PocketGroq uses environment variables for configuration. Set GROQ_API_KEY
in your environment or in a .env
file in your project root. This API key is essential for authenticating with the Groq API.
Additionally, you may need to set a USER_AGENT
environment variable for certain web-related functionalities.

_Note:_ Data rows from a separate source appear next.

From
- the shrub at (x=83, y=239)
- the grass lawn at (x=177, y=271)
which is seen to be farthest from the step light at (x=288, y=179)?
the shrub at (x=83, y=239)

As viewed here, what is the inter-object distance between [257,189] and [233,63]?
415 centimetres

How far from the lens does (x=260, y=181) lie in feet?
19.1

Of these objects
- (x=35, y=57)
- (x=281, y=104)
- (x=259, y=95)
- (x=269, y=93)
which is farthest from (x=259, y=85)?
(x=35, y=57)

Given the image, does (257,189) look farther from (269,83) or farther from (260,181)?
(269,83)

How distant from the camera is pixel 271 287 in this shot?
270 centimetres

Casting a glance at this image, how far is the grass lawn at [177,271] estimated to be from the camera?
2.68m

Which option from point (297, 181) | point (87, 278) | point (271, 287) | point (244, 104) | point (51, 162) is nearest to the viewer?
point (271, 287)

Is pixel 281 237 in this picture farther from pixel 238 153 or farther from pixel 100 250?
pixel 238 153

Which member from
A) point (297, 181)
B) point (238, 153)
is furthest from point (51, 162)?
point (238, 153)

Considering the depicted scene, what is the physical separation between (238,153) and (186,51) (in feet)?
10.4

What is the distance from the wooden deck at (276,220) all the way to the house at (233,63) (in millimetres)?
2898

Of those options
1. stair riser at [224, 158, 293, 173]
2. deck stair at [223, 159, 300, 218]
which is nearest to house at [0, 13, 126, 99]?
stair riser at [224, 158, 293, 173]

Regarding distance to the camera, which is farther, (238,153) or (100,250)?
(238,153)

Here are a couple of ways to set these variables:
- Using a
.env
file:
GROQ_API_KEY=your_api_key_here
USER_AGENT=Mozilla/5.0 (Windows NT 10.0; Win64; x64) AppleWebKit/537.36 (KHTML, like Gecko) Chrome/91.0.4472.124 Safari/537.36
- Setting environment variables in your script:
import os
os.environ['GROQ_API_KEY'] = 'your_api_key_here'
os.environ['USER_AGENT'] = 'Mozilla/5.0 (Windows NT 10.0; Win64; x64) AppleWebKit/537.36 (KHTML, like Gecko) Chrome/91.0.4472.124 Safari/537.36'
Make sure to keep your API key confidential and never commit it to version control.
Here's a comprehensive list of all the methods/functions available in PocketGroq, grouped logically by function:
-
__init__(api_key: str = None, rag_persistent: bool = True, rag_index_path: str = "faiss_index.pkl")
: Initializes the GroqProvider with API key and RAG settings. -
set_api_key(api_key: str)
: Updates the API key and reinitializes the Groq clients.
-
generate(prompt: str, session_id: Optional[str] = None, **kwargs) -> Union[str, AsyncIterator[str]]
: Generates text based on the given prompt. -
_create_completion(messages: List[Dict[str, str]], **kwargs) -> Union[str, AsyncIterator[str]]
: Internal method for API call to Groq for text generation. -
_sync_create_completion(**kwargs) -> Union[str, AsyncIterator[str]]
: Synchronous version of completion creation. -
_async_create_completion(**kwargs) -> Union[str, AsyncIterator[str]]
: Asynchronous version of completion creation.
-
process_image(prompt: str, image_source: str) -> str
: Analyzes an image with given prompt. -
process_image_desktop(prompt: str, region=None) -> str
: Analyzes screen content. -
process_image_desktop_region(prompt: str, x1: int, y1: int, x2: int, y2: int) -> str
: Analyzes specific screen region. -
process_image_conversation(messages: List[Dict[str, Any]], model: str = None, **kwargs) -> str
: Handles multi-turn conversations about images.
-
transcribe_audio(audio_file: str, language: Optional[str] = None, model: str = "distil-whisper-large-v3-en", **kwargs) -> str
: Transcribes audio to text. -
translate_audio(audio_file: str, model: str = "whisper-large-v3", **kwargs) -> str
: Translates non-English audio to English text.
-
start_conversation(session_id: str)
: Initializes a new conversation session. -
reset_conversation(session_id: str)
: Resets an existing conversation session. -
end_conversation(conversation_id: str)
: Ends and removes a conversation session. -
get_conversation_history(session_id: str) -> List[Dict[str, str]]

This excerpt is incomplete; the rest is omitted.